This interview with Succumb complements issue 104‘s The Flenser label profile, pages 106-107.
The Flenser will end the year with their most crushing release, the second album by San Francisco death metallers Succumb. A creeping, crawling and obliteratingly heavy opus which surpasses their self-titled 2017 debut just when we thought they couldn’t get heavier and darker still, XXI made the choice of Flenser band to interview very easy indeed, so José Carlos Santos called guitarist Derek Webster and vocalist Cheri Musrasrik to chat about it.

“To me, death metal should always be about striving to push your creative vision to its absolute limit with each release you put out,” Succumb guitarist Derek offers, and while there might be many definitions of death metal that are valid, this is one of the best, and already goes a long way to explain how this is one of the most exciting acts pushing the genre envelope these days. “With XXI, we wanted to create a more chaotic, harrowing listening experience while streamlining the song structures to make the songs leaner and a lot tighter,” he says about the new album, to which we can only say, well, mission accomplished, dude. The first album already sounded like a world-ending cataclysm, but it turns out that was just Succumb warming up. “I would say that the first one still has a lot of remnants of our demo-era sound,” he says. “Now I’m allowing myself to more freely explore ideas I purposefully suppressed on the debut. Specifically, I wanted to further blend my roots in grindcore and brutal death metal into our sound, so in a way I was unbuckling my belt and letting that brutal gut breathe.” It’s also nice to have a label that allows you some gut space. “We feel very fortunate to be involved in a label that seeks out music that thinks outside of the box,” Derek says. “Considering that we’re the only death metal band on this roster, it’s really cool that they took a chance with us.”

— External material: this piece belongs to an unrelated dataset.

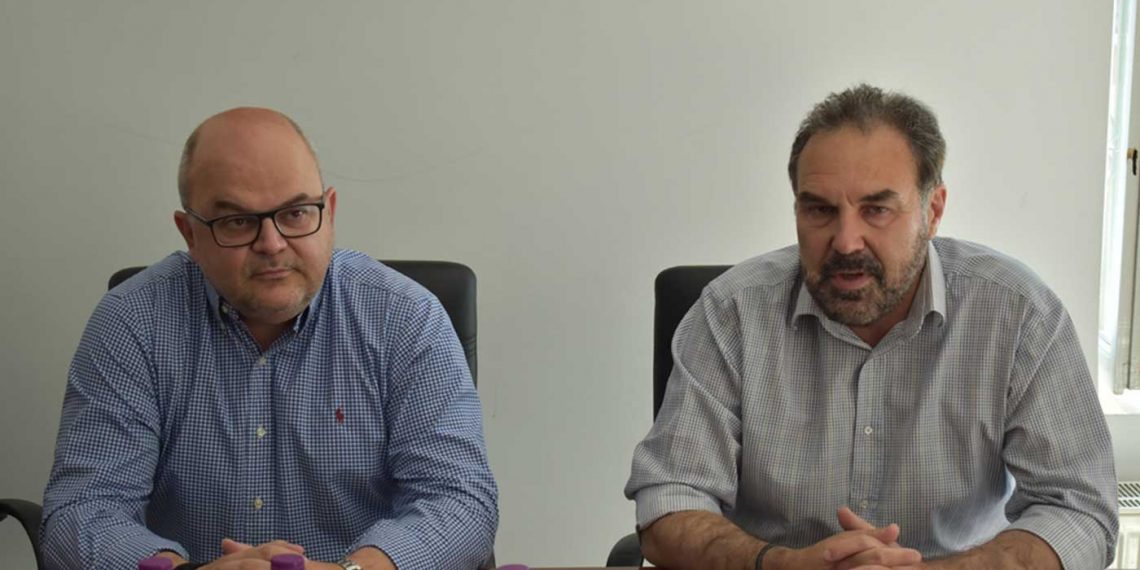 Μ. Τσάκας (ΔΕΔΑ) από τη Φλώρινα: «Αρχές του 2023 θα δοθεί φυσικό αέριο στα πρώτα κτίρια»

Of course, one of the main highlights in any Succumb album or song is Cheri Musrasrik, a paint-peeling throat demon like few others, so we asked her some mumbled question about lyrics and hid before she started breathing fire or spewing sulphur or something. She’s actually very nice, though. “Thank you for the kind words!” she laughs, after being called a demon. “The record is an exploration of the four elements and their related mythologies. Lilim is about the demon spawn born to Lillith, a being created from the dust and sediment of the earth. Maenad is about the cult of Dionysus and intoxication with a substance that is of the earth. Okeanos is centred on the origin of the gods of water. Smoke refers to the ritual dismemberment and cooking with fire of the body of Dionysus. After reading Frater Achad’s Qabalistic interpretation of Parzival called The Chalice of Ecstasy I wanted to write Graal; a song about a vessel that holds a divine liquid. Aither is about our cosmogony. Soma is about fly agaric mushrooms and their use to enter another realm. 8 Trigrams talks about the Boxer Rebellion an anti-Western, anti-Christian uprising that sought to protect the customs of respecting ancestors and nature deities.” So now you know.